As we link these two holidays ritually, we link them thematically. The joining of Passover and Shavuot reminds us that leaving Egypt is just the beginning of the journey. While it marks the liberation from Egyptian slavery, linking it to Shavuot reminds us that the ancient Israelites weren’t completely free until they received the Torah and formed the covenant with God. In other words, a people weren’t truly free until they had a new society, a new system of governance, a new organizing structure that would guarantee their freedoms and form the basis for the community moving forward.

Thus the Omer marks the in-between time of leaving one reality and entering another, which can be a time of uncertainty and precariousness. The idea of the plague, then, has resonance: a story of an epidemic is also a story of uncertainty and precariousness. When we “mourn,” we are not necessarily mourning loss, but acknowledging the lack of control and fragility that comes with life.

This idea is also reflected in the Omer’s agricultural roots. In the Torah, the beginning of the Omer was marked by bringing a sheaf (“omer”) of barley to the priest who would wave it as a prayer of hope for a good harvest. At the end of the Omer period, the time of the harvest, the first fruits would be brought to the priest as an offering of thanks. The Omer period can then be understood in this sense of fragility as well, since a good harvest is hoped for, but not guaranteed, and each day of plant growth comes with uncertainty. We can think about this as we prepare our own gardens for the season.

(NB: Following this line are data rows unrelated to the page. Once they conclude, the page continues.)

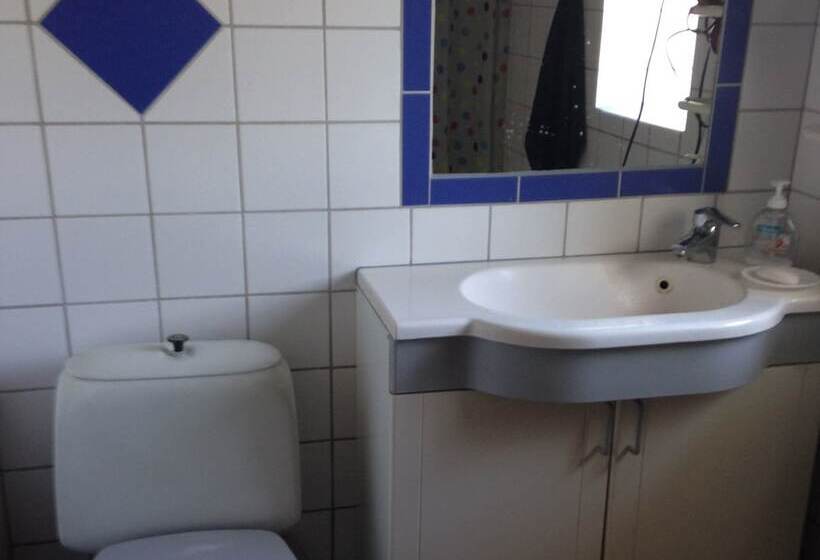 Askø Bed & Breakfast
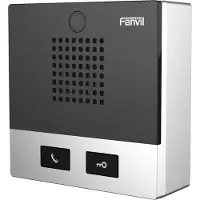 Fanvil i10D TFE SIP mini Intercom - Fernwartungsmodul
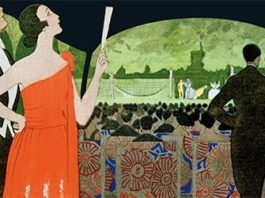 Un asesino en escena, de Ngaio Marsh: un ameno whodunit que derrocha teatralidad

But on this journey of fragility, we pause on this day to celebrate.

And it makes sense that we should. For today, on the 33rd day of this 49 day journey of the Omer, we are closer to Sinai than we are to Egypt. We are closer to full liberation than we are to oppression. We are closer to harvest than we are to planting.

This in-between time can be one of uncertainty and precariousness. But it can also be a time of anticipation and growth in the expectation of what comes before us.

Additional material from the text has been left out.